The pine plantations around Canberra should be ripe for the picking this weekend. If you’re interested, look out for European looking people carrying baskets in the woods and ask them to show you the ropes.

SnapperJack SnapperJack 4:23 pm 05 Mar 12

Myles Peterson said :

“Any news on how this years blue meanie crop is looking?”

I remember half of Narrabundah college wasted off a massive crop that spawned on Parliament House. The half that turned up to school that day.

Must have been the same time as when I was at Phillip College and kids used to draw giant mushrooms on the blackboards and organise picking exhibitions to the fields at Araluen 😉

c_c c_c 3:09 pm 05 Mar 12

jessieduck said :

Why would you feel the need to post this? It’s irresponsible and insensitive. Bad judgement call writing it and bad call posting it.

Oh please. I’m assuming akinom has the appropriate knowledge of mushroom identification to do it safely and his (or her) post is intended for other appropriately equipped individuals.

If some dim-wit who doesn’t know about them wants to go off and try their luck, that’s their fault. Really sick of all this cotton wool in society. Time for people to be responsible for themselves for a change.

Myles Peterson Myles Peterson 2:54 pm 05 Mar 12

“Any news on how this years blue meanie crop is looking?”

I remember half of Narrabundah college wasted off a massive crop that spawned on Parliament House. The half that turned up to school that day.

Ben_Dover Ben_Dover 2:50 pm 05 Mar 12

Any news on how this years blue meanie crop is looking?

EvanJames EvanJames 2:42 pm 05 Mar 12

Zan said :

I also recall see a photo on the front page of the Canberra Times of a mushroom which pushed its way through the bitumen in front of the ANU Drill Hall Gallery.

There was some of those at the old AME school too, yellow ones, I think they were those Slippery Jacks or whatever they’re called? They pushed right up through the road, and that bit of road had been there a while.

Zan Zan 2:35 pm 05 Mar 12

The Australian National Botanic Gardens have web page re fungi http://www.anbg.gov.au/fungi/deathcap.html

The link to the ACT Health no longer works. There is also a link to reports of poisoning. It is very interesting reading.

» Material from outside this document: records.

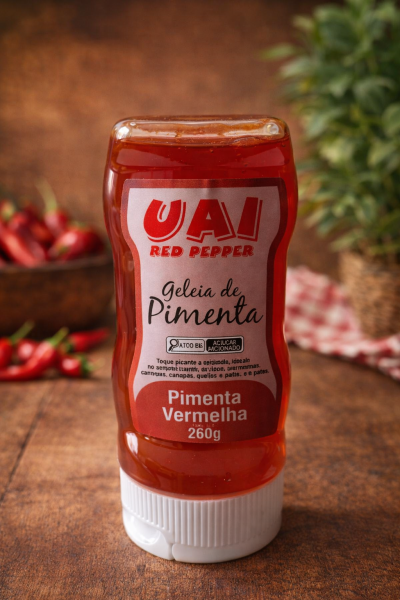 Geleia de pimenta vermelha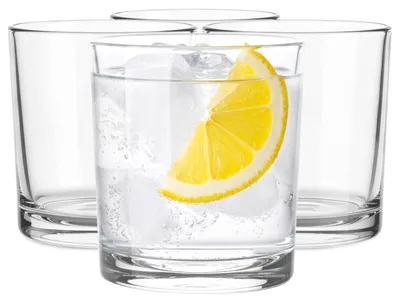 Wasserglas 160 ml, 4er-Set, rund, transparent, spülmaschinengeeignet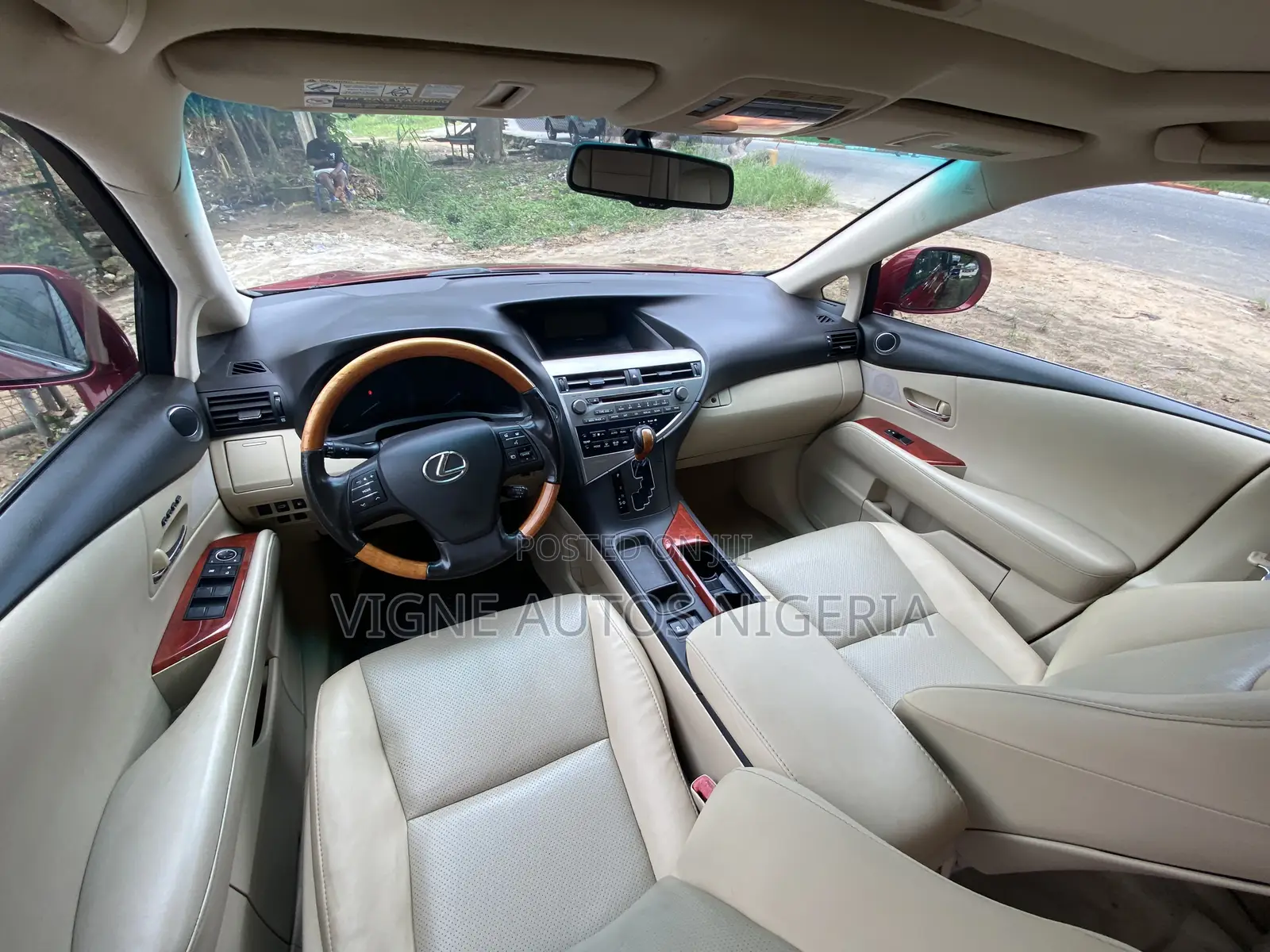 Lexus RX 350 2011 Red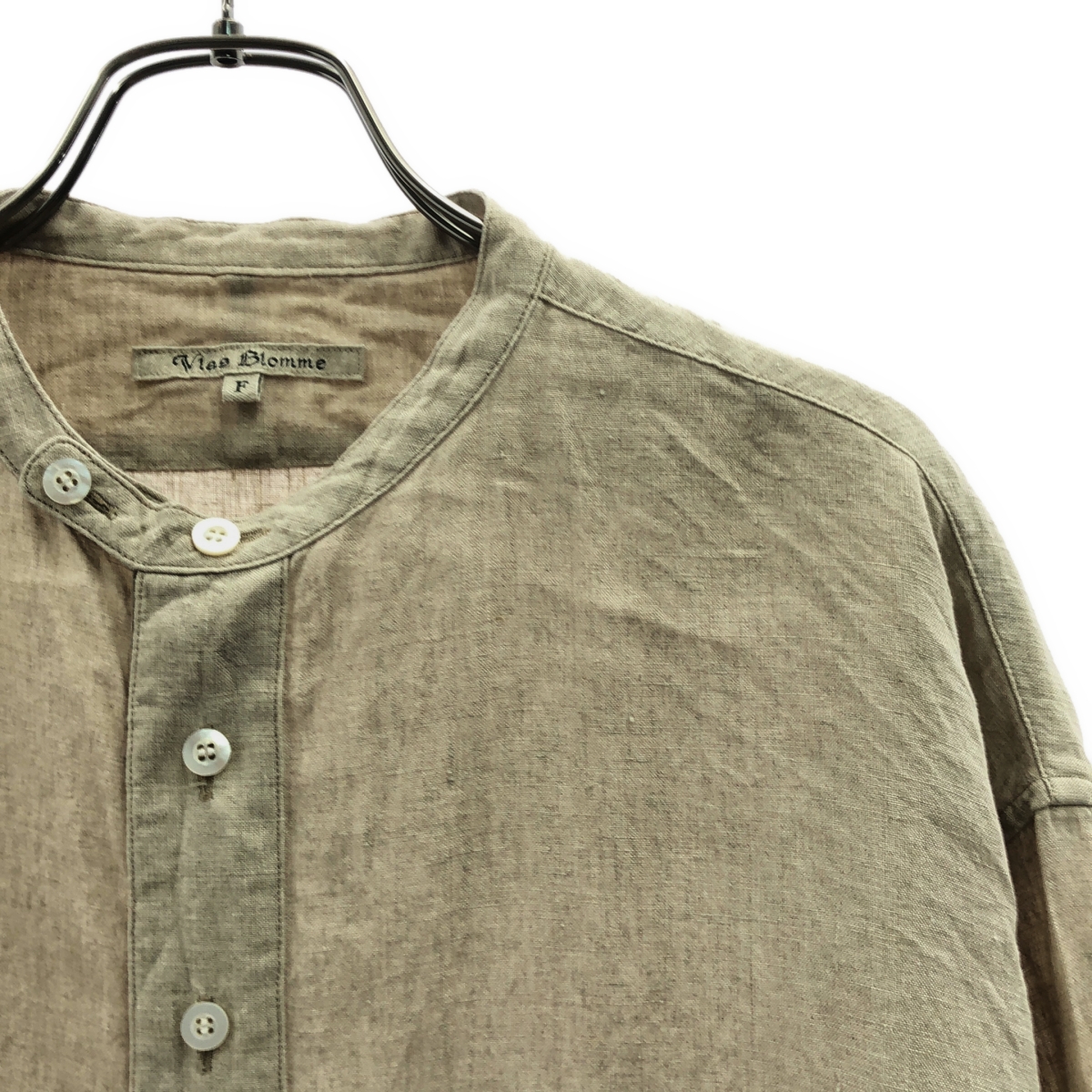 Vlas Blomme / ヴラスブラム リネン チュニックシャツ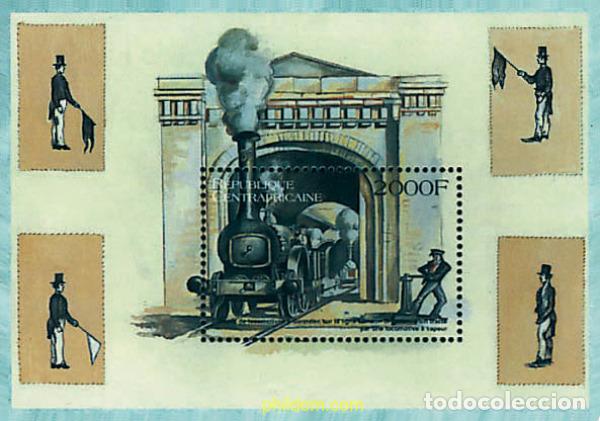 Sellos: 375697 MNH CENTROAFRICANA 1999 LOCOMOTORAS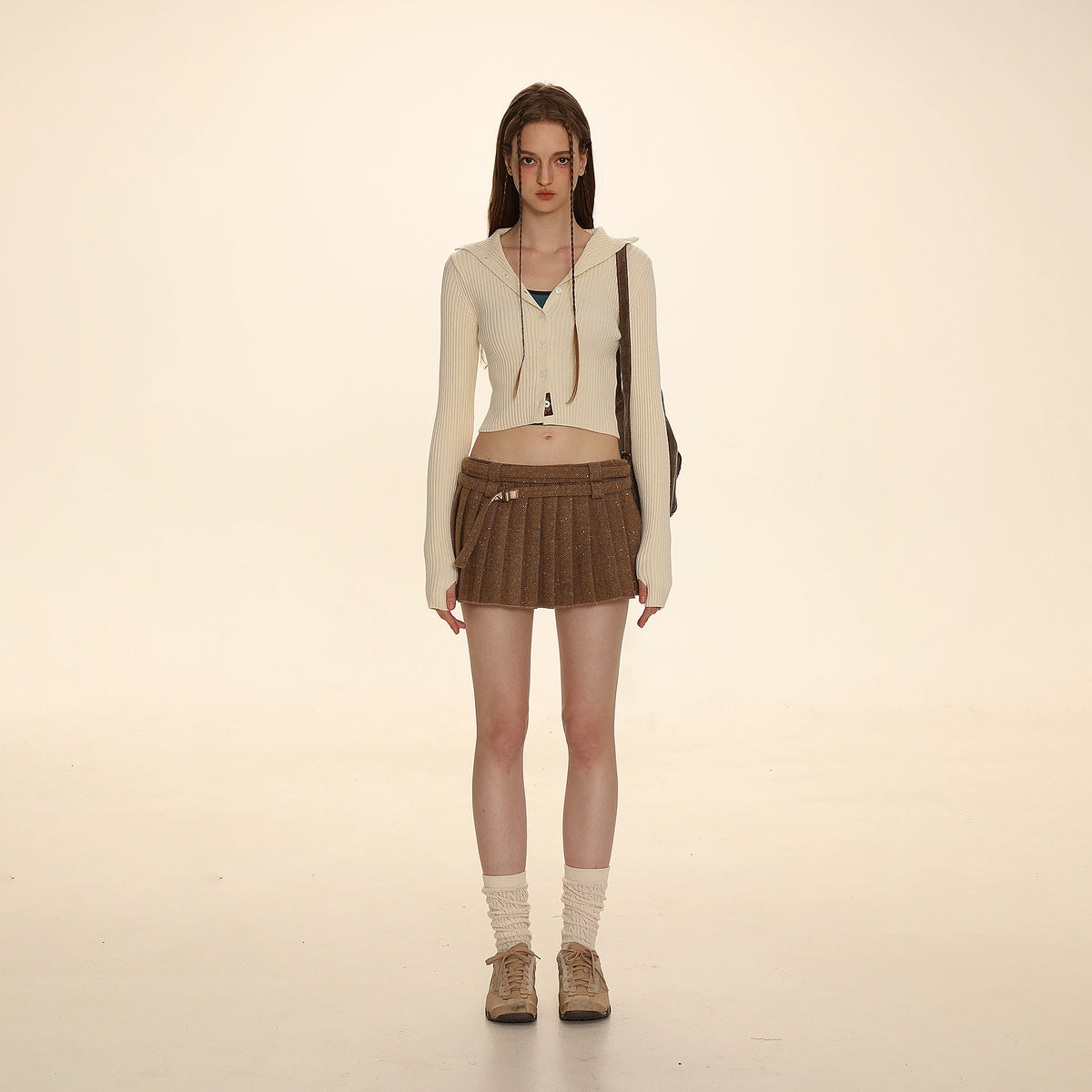 Standing Neck Pit Stripe Shirt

When I came to Canberra way back in 1949 (shock horror), the family lived on mushrooms, some of which were the size of dinner plates. I also recall see a photo on the front page of the Canberra Times of a mushroom which pushed its way through the bitumen in front of the ANU Drill Hall Gallery.

Watson Watson 1:26 pm 05 Mar 12

shirty_bear said :

Watson said :

In Europe it is normal to go out mushroom picking in autumn, and not because of the lack of poisonous ones…

What? You’re suggesting that mushroom picking would not lose popularity in Europe if there were indistinguishable yet lethal ‘shrooms also scattered around? That beggars belief.

I think they have the same types of poisonous mushrooms there as we have here. Awesome travelers, those spores. Yet people don’t go all hysterical about it there. In fact, they are a lot more aware of the need for education on identifying mushrooms, which is sadly totally lacking here.

I’m sure it cannot be that hard to tell a deathcap from a button mushroom if you know what to look for.

MissChief MissChief 1:09 pm 05 Mar 12

Mmmmm… mushrooms!

Did anyone else get that brochure about not eating wild ones and wonder why it wasn’t also written in foreign?